The proposed rule — which the DOL published on October 13 to create more consistency for employers and reduce intentional employee misclassifications — is unsurprisingly controversial. Practically from the moment it was proposed, opponents were requesting the DOL to double the 45-day comment period, considering the potential impact the 184-page rulemaking could have on industries spanning the economy.
The rule rescinds a 2021 rule in which two key factors — control over the work and opportunity for profit or loss — carried greater weight in determining the status of independent contractors. This rule made it easier for employers to classify workers as independent contractors, rather than employees. Under the FLSA, independent contractors are not entitled to minimum wage, overtime pay, and other benefits, but they generally have more flexibility to set their own schedules and work for multiple companies.
Unions and some workers say that businesses are wrongfully misclassifying their workers as independent contractors to avoid legal liabilities that go along with employment status. Businesses and some contractors argue that their relationships are squarely within the law.

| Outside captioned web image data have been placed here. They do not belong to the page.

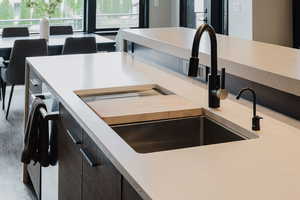 Kitchen featuring light countertops, dark brown cabinets, and plenty of natural light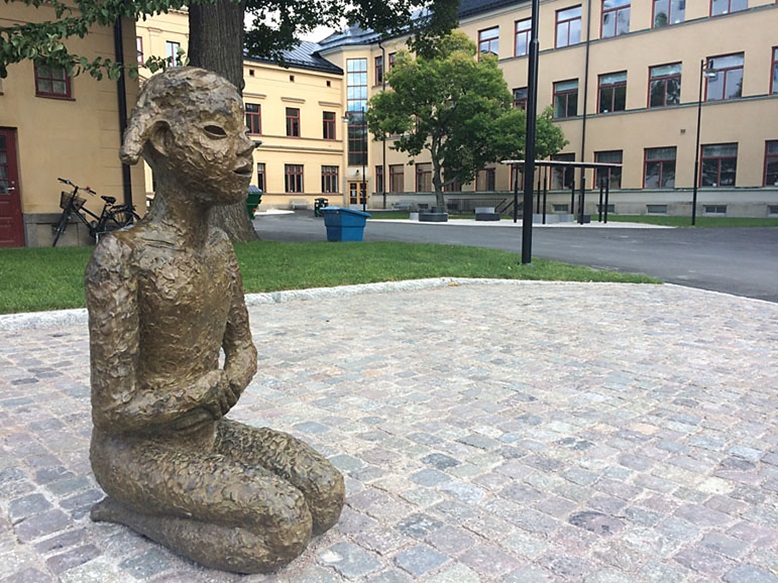 bild på bronsskulptur av lena cronqvist föreställande flicka som sitter på knä
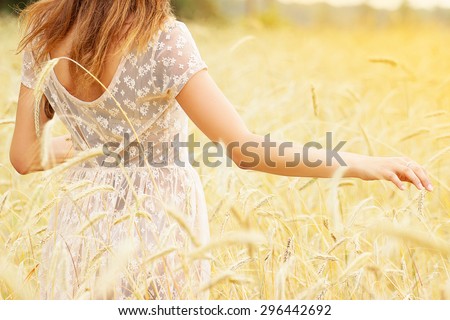 Natural beauty. Beautiful girl in a wheat field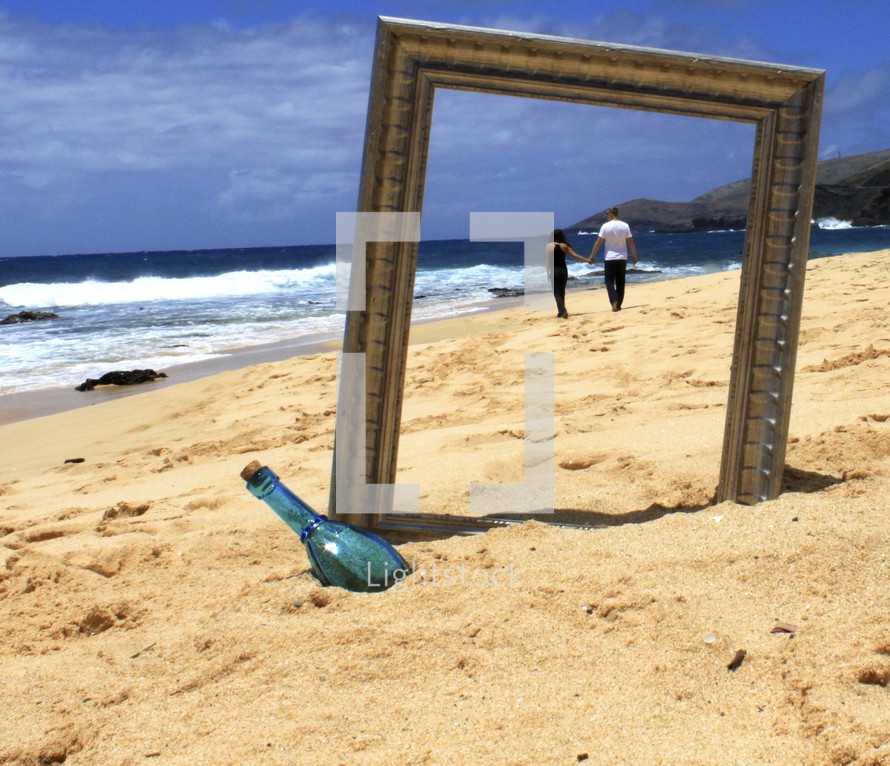 Couple holding hands while walking on the beach, seen through a frame near a glass bottle.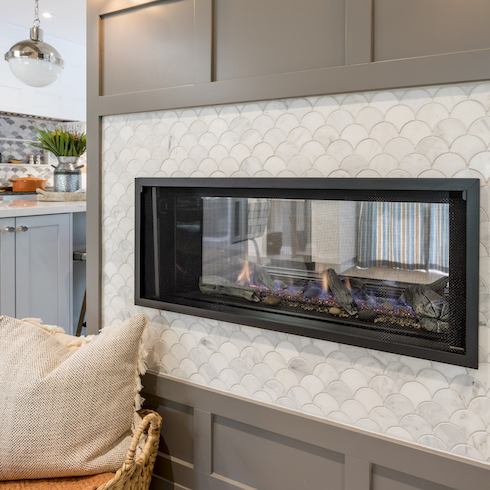 See-through gas fireplace with white scallop tiles and brown panelling divides the kitchen and the dining room in a remodelled home featured on HGTV Canada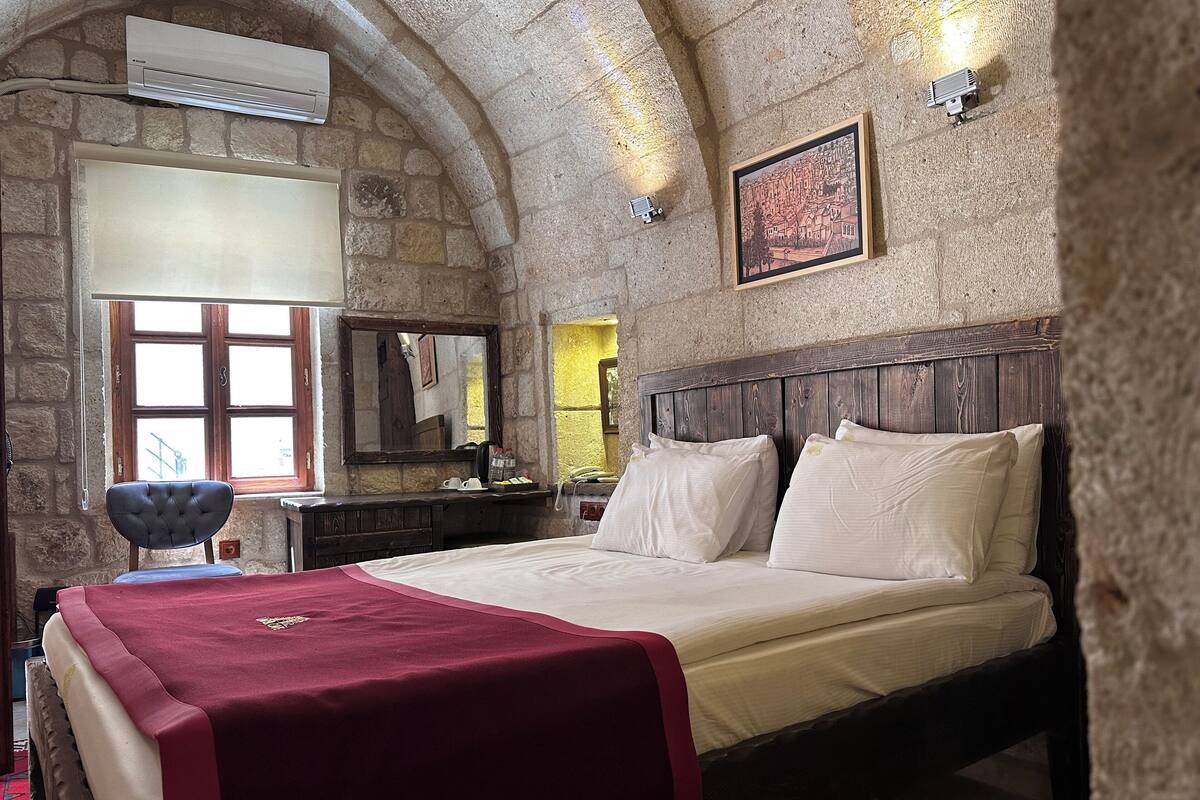 A stone-walled bedroom with a bed, a wooden headboard, a mirror, and a framed picture on the wall.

The rule could have an impact on more than 22 million contractors, according to estimates from the DOL. Although the national conversation has centered around gig-companies such as Uber and Lyft, nearly every industry within the economy utilizes independent contractors, from journalism to trucking to construction.
The Pool and Hot Tub Alliance is monitoring this topic due to the potential impact it could have on pool construction and service industries, where many companies rely on independent contractors.
The proposal from the Department of Labor outlines several factors of the working relationship between a worker and an employer to determine whether the worker is economically dependent on the employer or is truly in business for themselves.
The following six factors are considered by the DOL:
• Align the department’s approach with courts’ FLSA interpretation and the economic reality test.
• Restore the multifactor, totalityof- the-circumstances analysis to determine whether a worker is an employee or an independent contractor under the FLSA.
• Ensure that all factors are analyzed without assigning a predetermined weight to a particular factor or set of factors.
• Revert to the longstanding interpretation of the economic reality factors. These factors include the investment, control, and opportunity for profit or loss factors. The integral factor, which considers whether the work is integral to the employer’s business, is also included.
• Assist with the proper classification of employees and independent contractors under the FLSA.
• Rescind the 2021 Independent Contractor Rule.
The DOL says that each of these factors has no greater weight than the other when deciding worker status, and that other factors may be considered if they show that the worker may be in business for themselves. DOL believes the proposed rule will address employee misclassification as this denies workers’ rights and protections.
Comments on the Notice of Proposed Rulemaking (NPRM) can be submitted until November 28, 2022. When the comment period ends, the DOL will review each comment and prepare to finalize the ruling.
The rule is expected to be finalized during the first quarter of 2023, after which opponents may challenge it in court.